▶ _Provided information_
--

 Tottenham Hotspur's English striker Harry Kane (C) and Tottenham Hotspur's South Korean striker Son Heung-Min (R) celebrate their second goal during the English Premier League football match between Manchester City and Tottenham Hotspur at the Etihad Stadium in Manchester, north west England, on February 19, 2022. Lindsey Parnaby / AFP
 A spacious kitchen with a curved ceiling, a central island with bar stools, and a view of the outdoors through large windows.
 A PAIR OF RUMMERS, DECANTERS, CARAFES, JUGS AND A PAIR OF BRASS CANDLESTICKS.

--

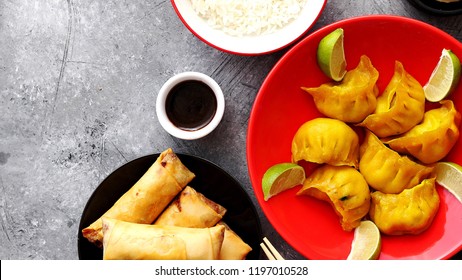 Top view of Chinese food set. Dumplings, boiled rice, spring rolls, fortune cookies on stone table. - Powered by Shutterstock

--

▶ _Task directions_
Please return only the lines above, starting at the line that has "A spacious kitchen" and ending at the line that has "A PAIR OF RUMMERS, DECANTERS, CARAFES, JUGS", keeping both and leaving each one unchanged.

▶ _Task answer_
 A spacious kitchen with a curved ceiling, a central island with bar stools, and a view of the outdoors through large windows.
 A PAIR OF RUMMERS, DECANTERS, CARAFES, JUGS AND A PAIR OF BRASS CANDLESTICKS.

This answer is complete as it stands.